The case lingered long enough for the school to self-impose a four-game suspension on Self and top assistant Kurtis Townsend to begin last season. It was another attempt at mitigation.
The coach described his motivation during the lengthy case.
“Nothing would please me more than to do it [win] when it was designed not to be done,” Self said. “I would say that motivates me. That’s over now.”
Self did his best to downplay his situation past and present. The health scare did not make him reflect about his mortality, he said. Whatever anger he had at the process is now directed toward looking ahead at another championship run.
The Jayhawks are that good.

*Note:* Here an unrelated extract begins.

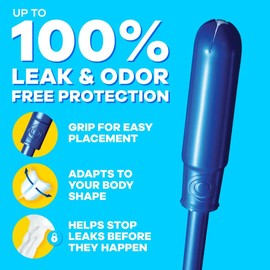 Tampax Pearl Tampons for Women, with LeakGuard Braid, Super Plus Absorbency, Unscented, 50 Count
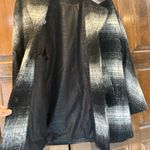 Sam Edelman Erin Blurry Plaid Coat Wool Blend black white Size Medium Photo 4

But there was one highly ironic moment on Tuesday. Adidas had scheduled an AAU conference at Kansas. ESPN analyst Fran Fraschilla tweeted a picture of him at KU with Book Richardson, a former Arizona assistant coach who went to jail as a result of the FBI case.
As the sponsor of the event, Adidas harkened back to its representatives originally being named KU boosters by the NCAA who illicitly lured players to the program. But as the case came to an end, what were once five Level I violations made against Kansas evaporated when the Independent Accountability Resolution Process found only smaller violations that kept KU from getting a postseason ban.
On Wednesday, it was time to step on some throats.
“He’s actually said that to us,” said Kansas center Hunter Dickinson, the Michigan transfer who was named the Big 12 preseason Player and Newcomer of the Year on Wednesday, said of Self. “We’re the No. 1 team in the country. People are going to come for us. I think it’s going to be really important to step on people’s throats … That would be a good motto for us.”